= Developmental systems theory =

Evolutionary and developmental biology theory

Developmental systems theory (DST) is an overarching theoretical perspective on biological development, heredity, and evolution. It emphasizes the shared contributions of genes, environment, and epigenetic factors on developmental processes. DST, unlike conventional scientific theories, is not directly used to help make predictions for testing experimental results; instead, it is seen as a collection of philosophical, psychological, and scientific models of development and evolution. As a whole, these models argue the inadequacy of the modern evolutionary synthesis on the roles of genes and natural selection as the principal explanation of living structures. Developmental systems theory embraces a large range of positions that expand biological explanations of organismal development and hold modern evolutionary theory as a misconception of the nature of living processes.

==Overview==
All versions of developmental systems theory espouse the view that:

- All biological processes (including both evolution and development) operate by continually assembling new structures.
- Each such structure transcends the structures from which it arose and has its own systematic characteristics, information, functions and laws.
- Conversely, each such structure is ultimately irreducible to any lower (or higher) level of structure, and can be described and explained only on its own terms.
- Furthermore, the major processes through which life as a whole operates, including evolution, heredity and the development of particular organisms, can only be accounted for by incorporating many more layers of structure and process than the conventional concepts of ‘gene’ and ‘environment’ normally allow for.

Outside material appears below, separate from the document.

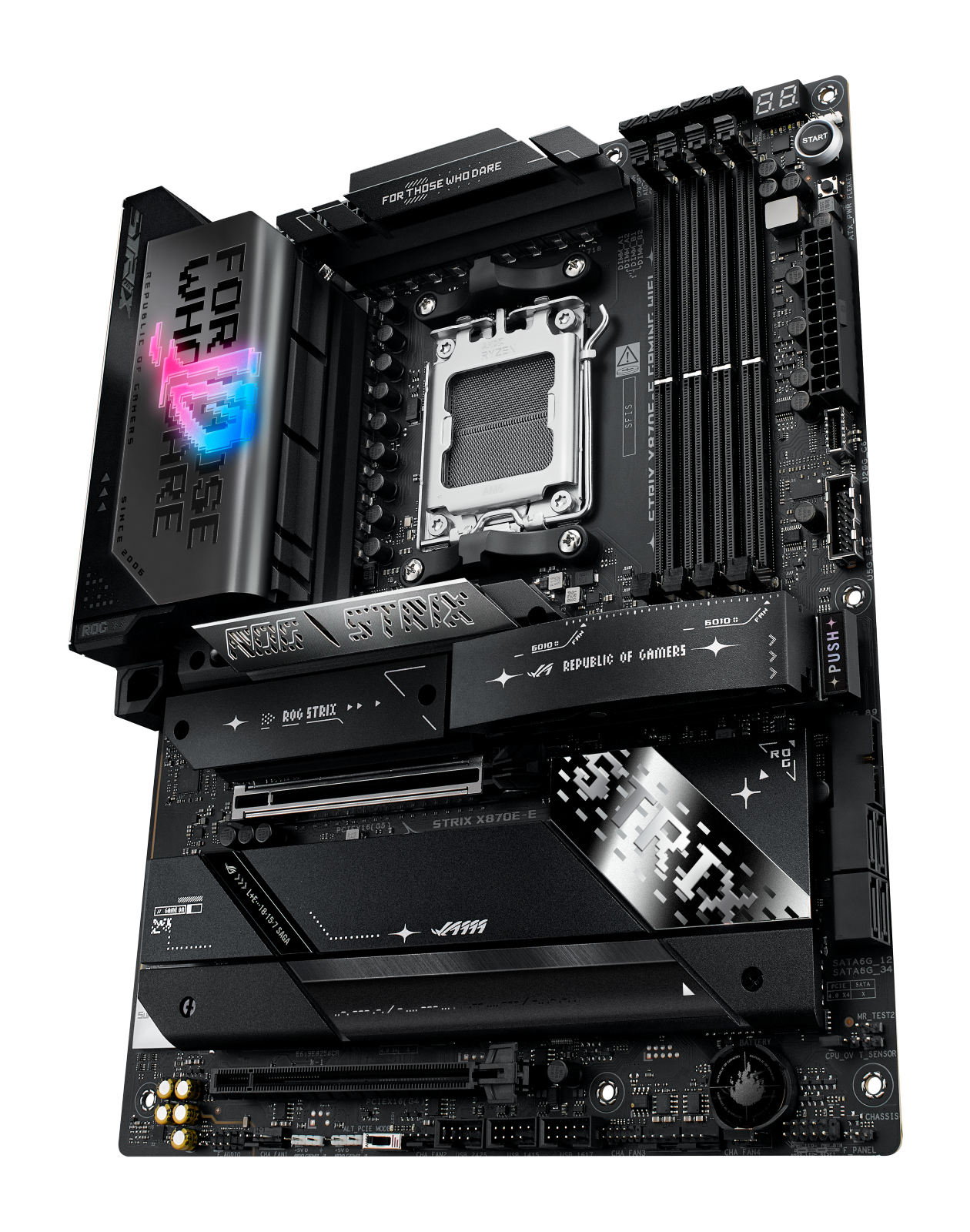 ASUS AMD Socket AM5 対応 X870E 搭載 ATX ASUSのゲーミングブランドのRepublic of Gamersより、AMD AM5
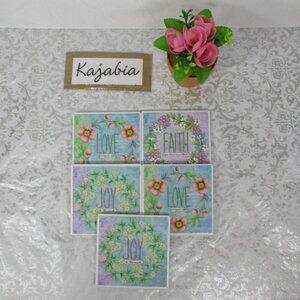 LOVE JOY FAITH Coasters 5 Pcs.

In other words, although it does not claim that all structures are equal, development systems theory is fundamentally opposed to reductionism of all kinds. In short, developmental systems theory intends to formulate a perspective which does not presume the causal (or ontological) priority of any particular entity and thereby maintains an explanatory openness on all empirical fronts. For example, there is vigorous resistance to the widespread assumptions that one can legitimately speak of genes ‘for’ specific phenotypic characters or that adaptation consists of evolution ‘shaping’ the more or less passive species, as opposed to adaptation consisting of organisms actively selecting, defining, shaping and often creating their niches.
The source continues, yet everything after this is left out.